Hitchcock’s Misogyny

In the online review “What’s wrong with Hitchcock’s women” at Guardian.co.uk, the author was concluded that “Hitchcock’s women are outwardly immaculate, but full of treachery and weakness”, which sort of fit into the stereotypical femme fatale category. Lisa in Rear Window, however, seemed more “pampered” compared with heroines featured in other Hitchcock films. She does not experience or engage in any traitorous schemes or horrendous crime, nor does she suffer from bad luck, mental illness or a broken family. Her only setback in the film is falling in love with man who didn’t care for her, but who eventually does so at the end of the film. Thus Hitchcock didn’t do much to teach her a “thoroughly good lesson” besides punishing her (got caught by the murderer) toward the end of the film for her impulsive (yet brave) behavior. However, Hitchcock still managed to show his misogyny through Jeff’s, or rather, his own manipulation of Lisa’s fate in the film.

In the film, the protagonist Jeff admitted Lisa was beautiful, elegant and in essence, perfect. However, Jeff was not comfortable enough when Lisa was around and would not like to marry her. Jeff could be polite, and even interested, when there was a distance between him and the women around, who served as objects to look at, such as Miss Torso and Miss Lonely Hearts across the yard. However, when women tried to enter into his life, just what Lisa did, Jeff would become bothered and showed Lisa she was unwelcome. Perhaps Lisa’s powerfulness also caused Jeff’s resistance. Mulvey suggested that subconsciously men regarded women as incomplete beings after castration. However, when Lisa is outwardly perfect, popular and successful in her, Jeff nevertheless feel threatened (out of male hegemony) despite his contempt towards Lisa’s “incompleteness”. Lisa’s physical incompleteness seems to go with her other “insufficiency” in Jeff’s eyes. For example, her career in fashion industry is taken less seriously (“who thinks of life as new dress, lobster dinner and latest scandal”) when compared with Jeff’s adventurous career as a photojournalist, He thought Lisa was neither the same type of person he was nor able to engage in the career he had.

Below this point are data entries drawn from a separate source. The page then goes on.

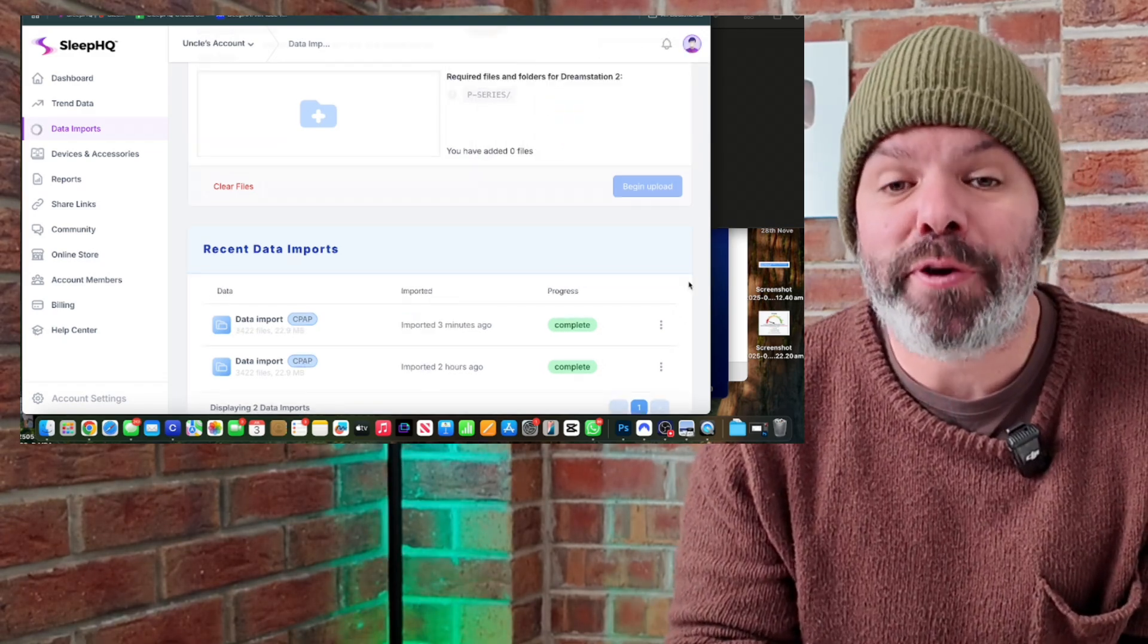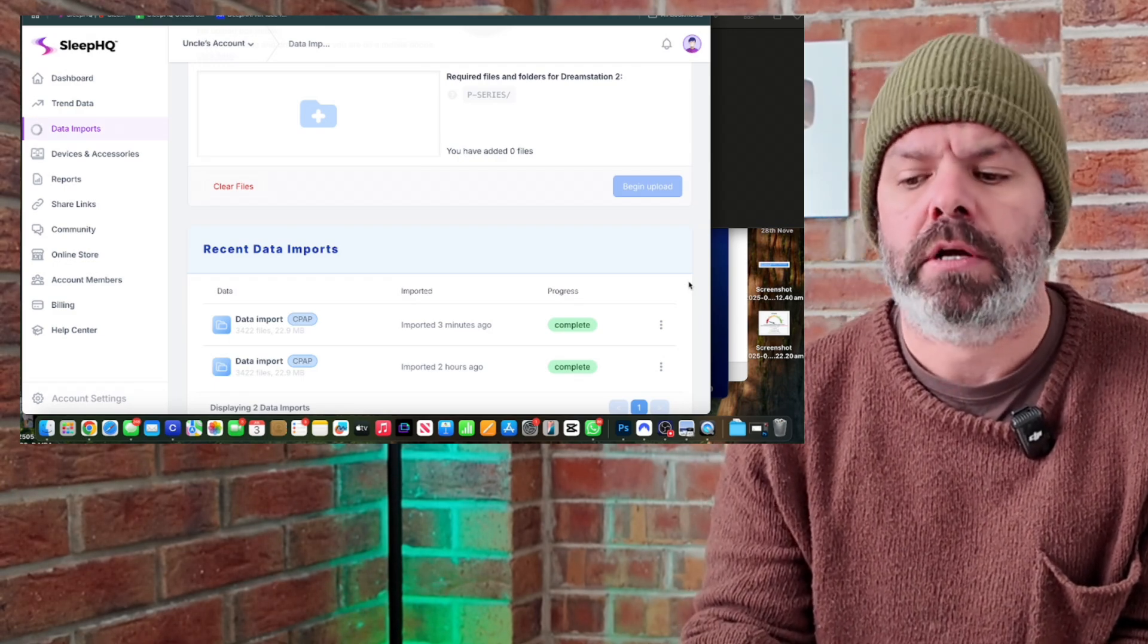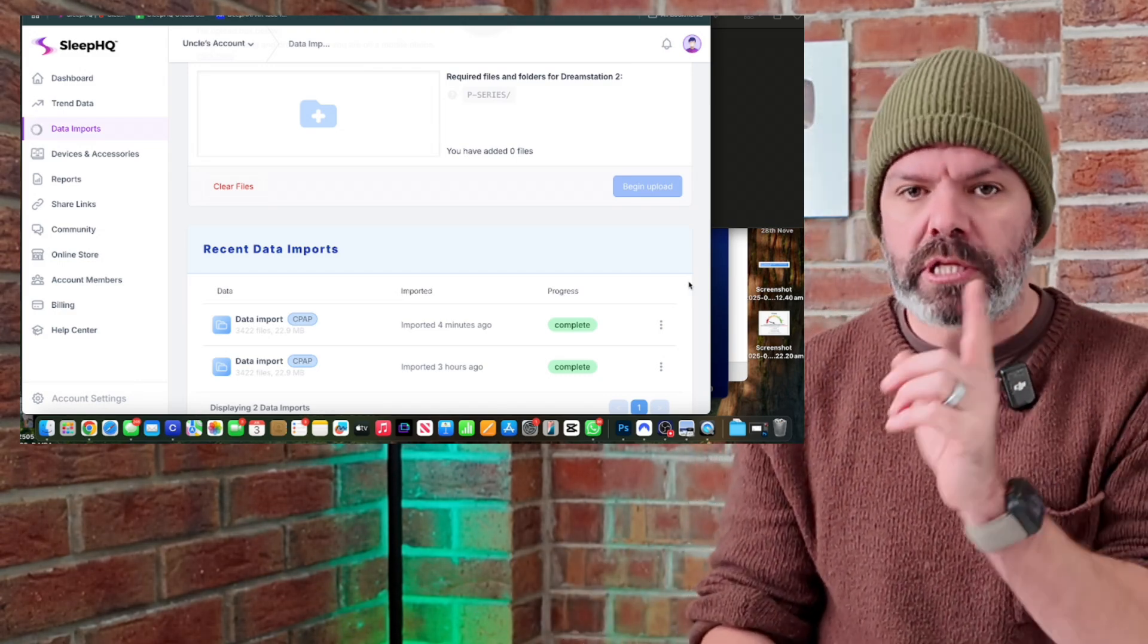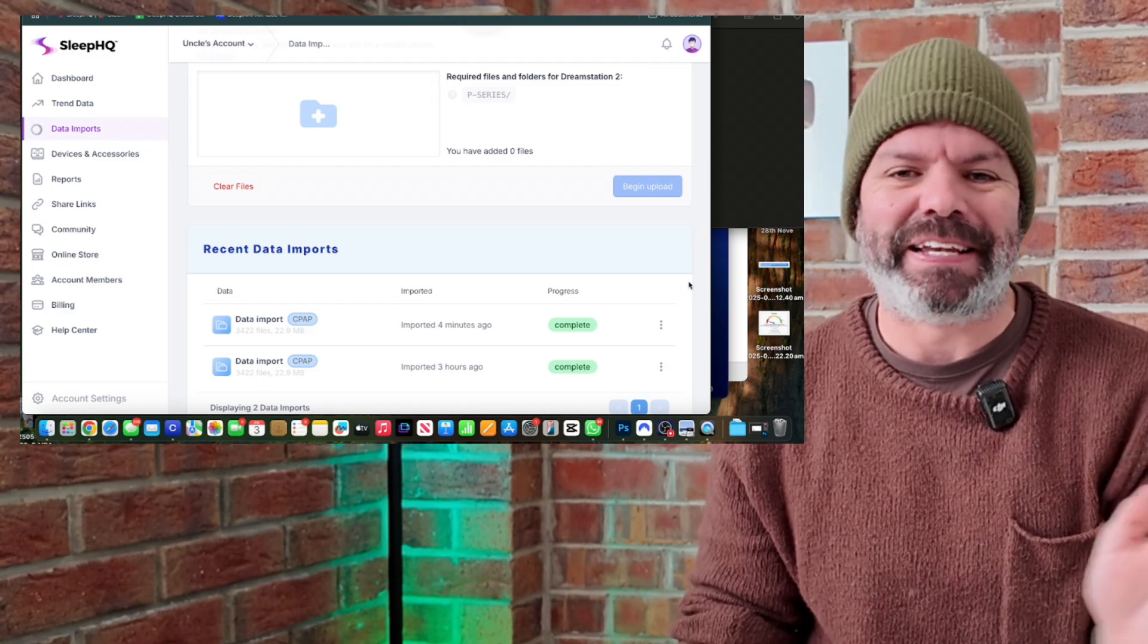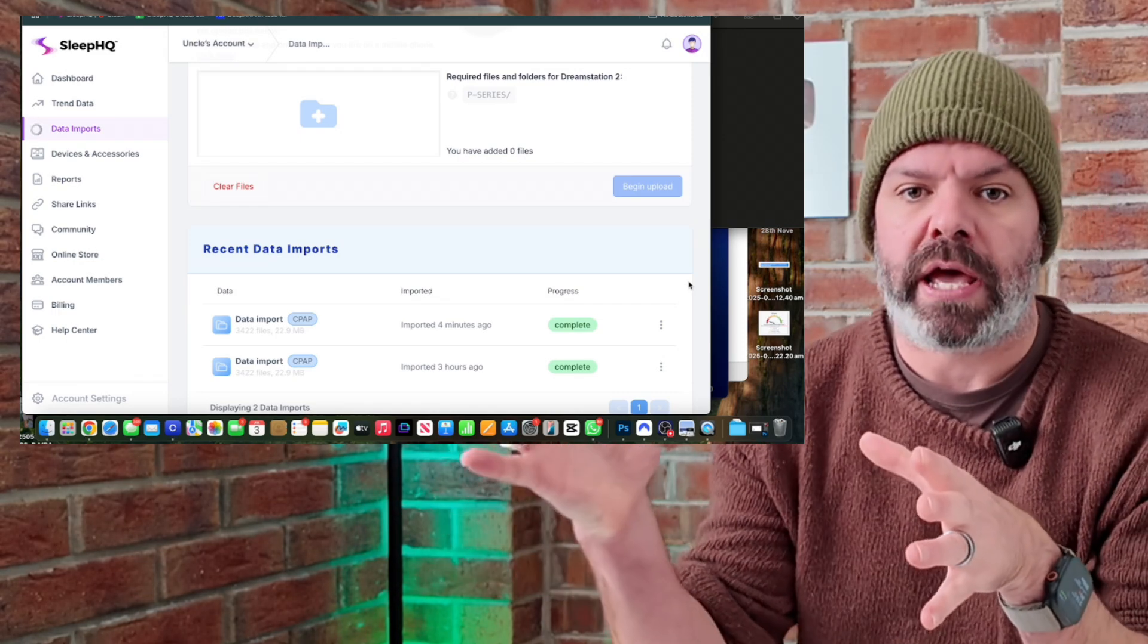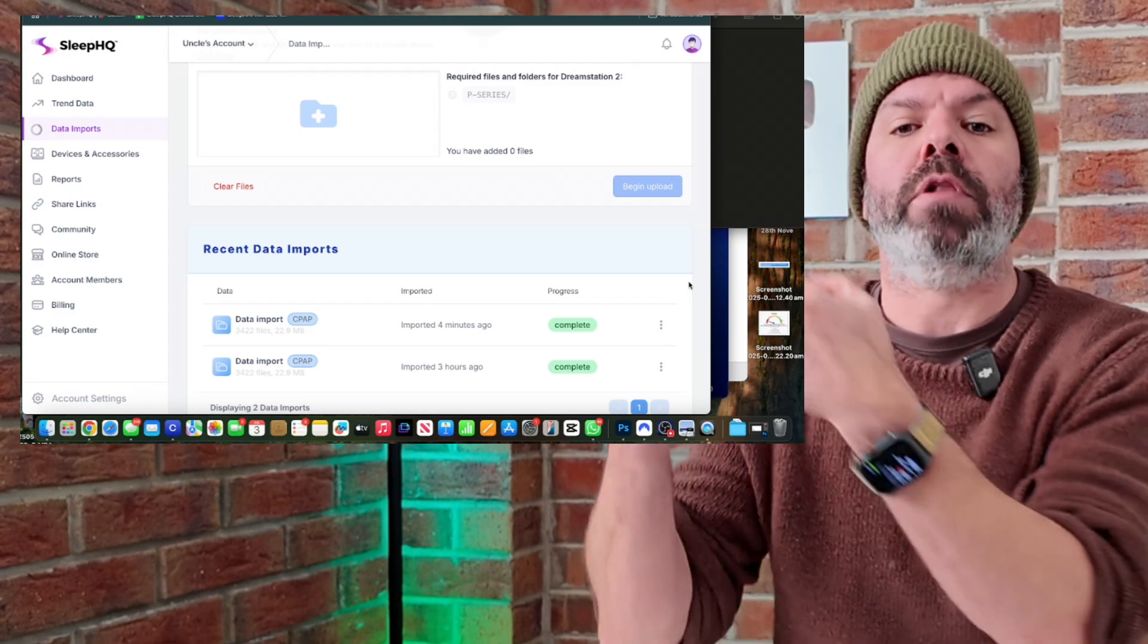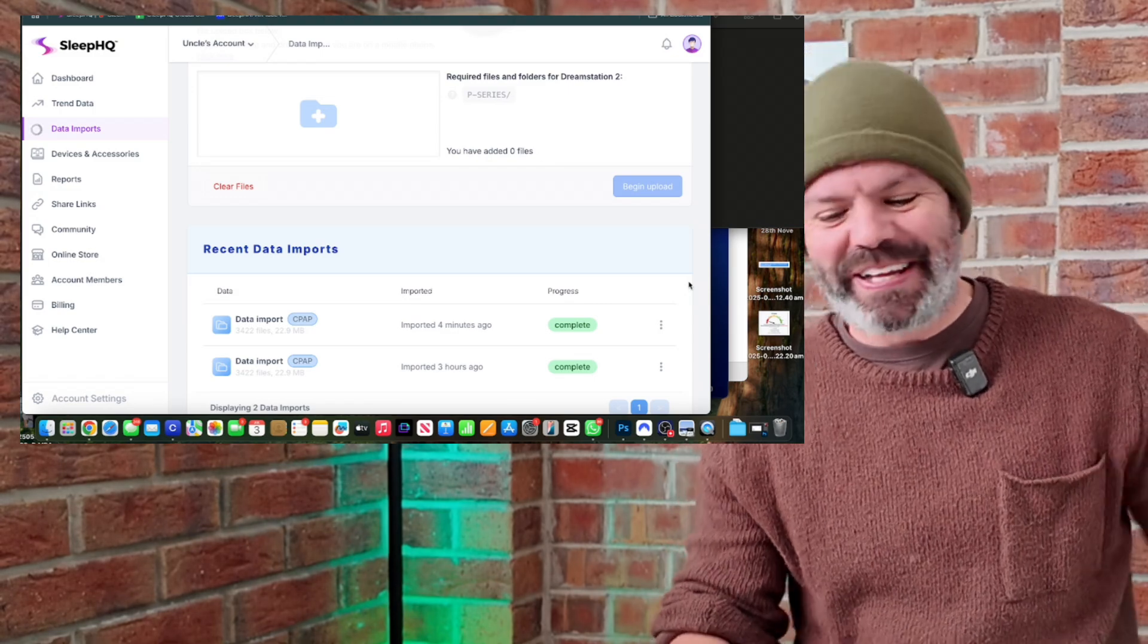Now if it's your first upload to Sleep HQ and you've got a lot of data on the card, it can sometimes take a bit of time for the platform to process all that information, analyze it and chart it for you. So just click begin upload, go and make a cup of tea, do whatever you need to, and then come back 15, 20 minutes later and you'll be good to go. Future uploads will take a lot less time because the system will analyze all the files and will only upload the new information. So it won't upload 2024, 2023 and so on.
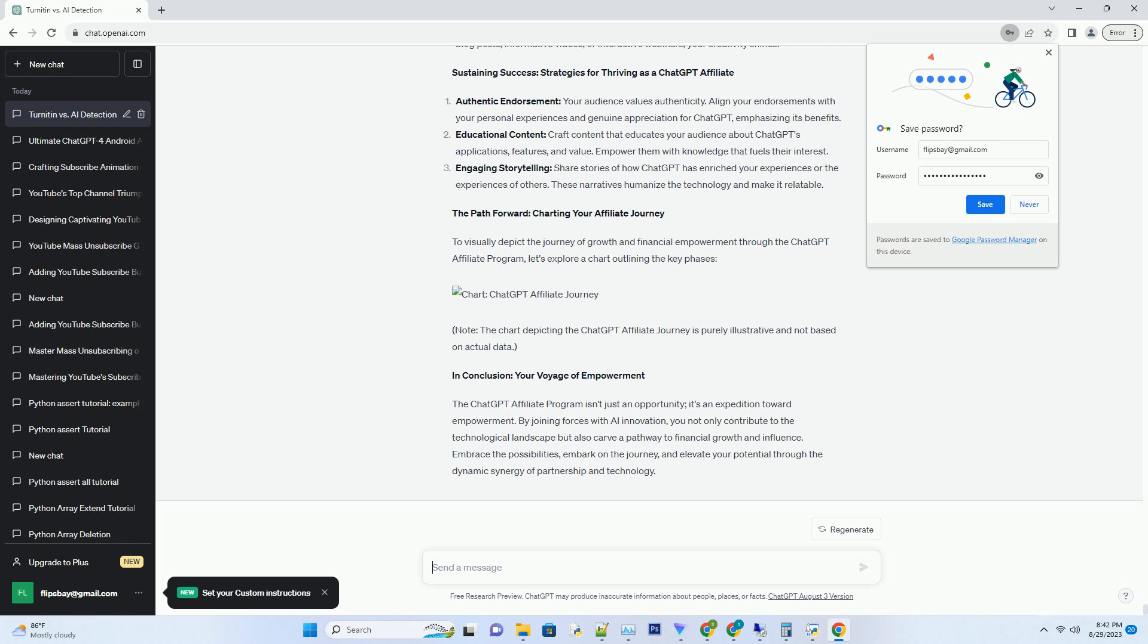Educational Content: Craft content that educates your audience about ChatGPT's applications, features, and value. Empower them with knowledge that fuels their interest. Engaging Storytelling: Share stories of how ChatGPT has enriched your experiences or the experiences of others. These narratives humanize the technology and make it relatable.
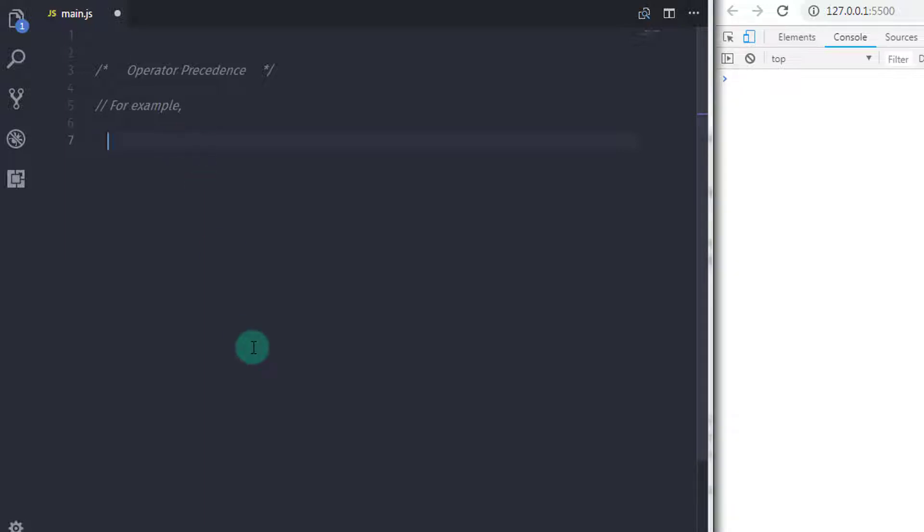Now consider the following expression. So I will create a variable here. Let x and then we specify x is equal to 5 plus 3 multiply by 2.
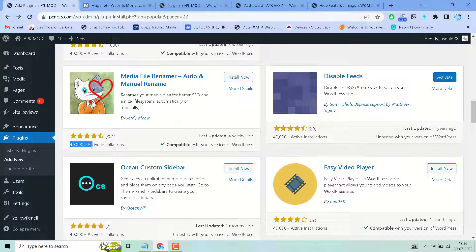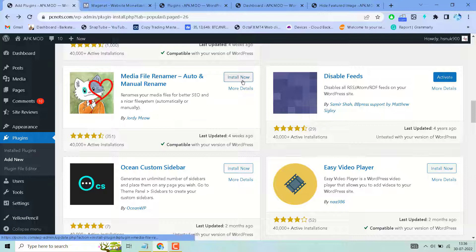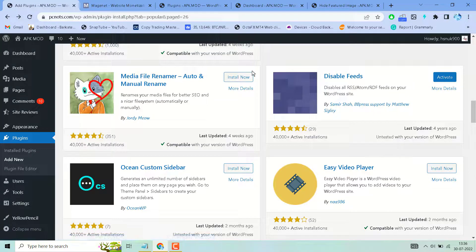It has about 40,000+ active installations and a good rating of 351. Install and activate it, and comment your experience below. After activation, if you are facing any problems, comment, or if you want to learn how to use this plugin, comment and I will create a new video.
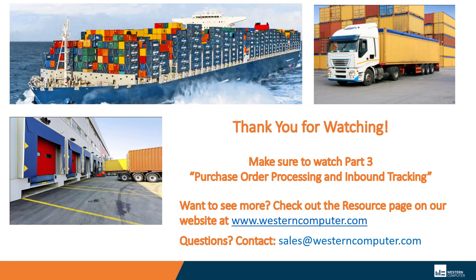If there's anything else that you want to see, I can be reached at ian.hartman at Western Computer. I hope you enjoyed this quick session of landed costs. Thank you for attending. Take care.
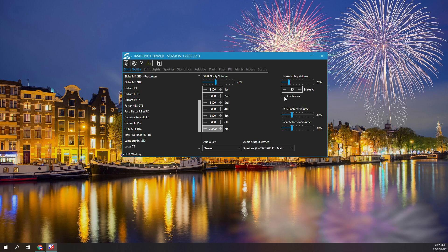The shift RPM per gear and the brake threshold are car specific. Ensure you have selected the correct car before changing these values.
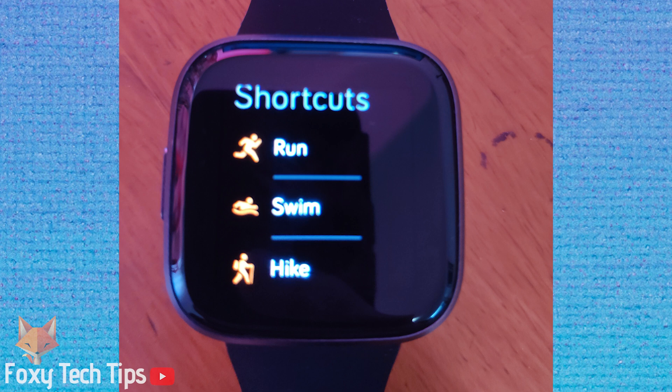If you go onto the exercise app of your Fitbit, you will be able to choose from 7 different exercise shortcuts, and there are more exercises you can access if you tap more.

Jeff’s attitude simply represented Hitchcock’s attitude towards women. He admitted they were powerful, yet in industry he considered not serious enough, and thought they were not competent enough to engage in the same duties men committed to, unless they proved they could. That’s exactly how Lisa eventually won Jeff’s heart, by proving she can work alongside with him for the same objective, or in other sense, completely adopted his viewpoint and judgment, and managed to complete the task. Now that she proved she could be part of his world despite her “incompleteness”, he was ready to accept her into his world. What’s ironic about this ending, however, is that only after Lisa engaged in illegal behavior of breaking into someone else’s apartment that Jeff began to appreciate her. If Lisa remained graceful and innocent, Jeff couldn’t care less to look at her when there was something to look at across the yard. Thus Hitchcock’s attitude towards women is truly misogynistic because on one hand, he despised them for being who they are, and on the other hand, he despised them even more when women were willing to change for men, for women are still what they are, as the final scene of the film indicated.